I'm writing a C++14 JSON library as an exercise and to use it in my personal projects.
By using callgrind I've discovered that the current bottleneck during a continuous value creation from string stress test is an std::string dynamic memory allocation. Precisely, the bottleneck is the call to malloc(...) made from std::string::reserve.
I've read that many existing JSON libraries such as rapidjson use custom allocators to avoid malloc(...) calls during string memory allocations.
I tried to analyze rapidjson's source code but the large amount of additional code and comments, plus the fact that I'm not really sure what I'm looking for, didn't help me much.
How do custom allocators help in this situation?
Is a memory buffer preallocated somewhere (where? statically?) and std::strings take available memory from it?
Are strings using custom allocators "compatible" with normal strings?
They have different types. Do they have to be "converted"? (And does that result in a performance hit?)
Code notes:
Str is an alias for std::string.
By default, std::string allocates memory as needed from the same heap as anything that you allocate with malloc or new. To get a performance gain from providing your own custom allocator, you will need to be managing your own "chunk" of memory in such a way that your allocator can deal out the amounts of memory that your strings ask for faster than malloc does. Your memory manager will make relatively few calls to malloc, (or new, depending on your approach) under the hood, requesting "large" amounts of memory at once, then deal out sections of this (these) memory block(s) through the custom allocator. To actually achieve better performance than malloc, your memory manager will usually have to be tuned based on known allocation patterns of your use cases.
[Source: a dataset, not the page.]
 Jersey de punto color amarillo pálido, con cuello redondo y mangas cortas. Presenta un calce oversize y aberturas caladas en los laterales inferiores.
This kind of thing often comes down to the age-old trade off of memory use versus execution speed. For example: if you have a known upper bound on your string sizes in practice, you can pull tricks with over-allocating to always accommodate the largest case. While this is wasteful of your memory resources, it can alleviate the performance overhead that more generalized allocation runs into with memory fragmentation. As well as making any calls to realloc essentially constant time for your purposes.
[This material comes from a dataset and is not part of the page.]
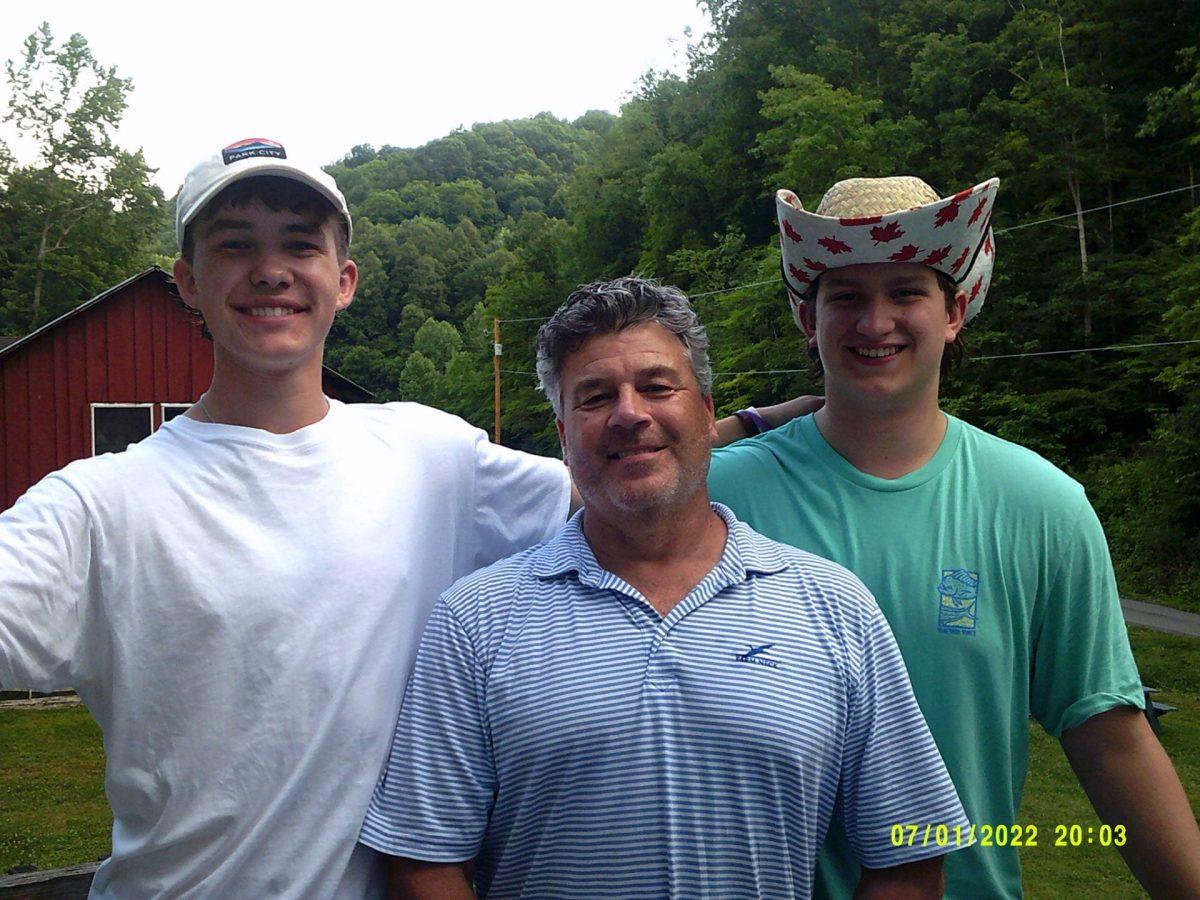 Jack Donaldson, senior, Mr. Patrick Gallagher, director of college counseling, and Jackson Taylor, senior, pose together for a photo at their service trip to Nazareth Farm. Photo submitted by Jack Donaldson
#sehe is exactly right. There are many ways.
EDIT:
To finally address your second question, strings using different allocators can play nicely together, and usage should be transparent.
For example:
class myalloc : public std::allocator<char>{};
myalloc customAllocator;
int main(void)
{
std::string mystring(customAllocator);
std::string regularString = "test string";
mystring = regularString;
std::cout << mystring;
return 0;
}
This is a fairly silly example and, of course, uses the same workhorse code under the hood. However, it shows assignment between strings using allocator classes of "different types". Implementing a useful allocator that supplies the full interface required by the STL without just disguising the default std::allocator is not as trivial. This seems to be a decent write up covering the concepts involved. The key to why this works, in the context of your question at least, is that using different allocators doesn't cause the strings to be of different type. Notice that the custom allocator is given as an argument to the constructor not a template parameter. The STL still does fun things with templates (such as rebind and Traits) to homogenize allocator interfaces and tracking.
What often helps is the creation of a GlobalStringTable.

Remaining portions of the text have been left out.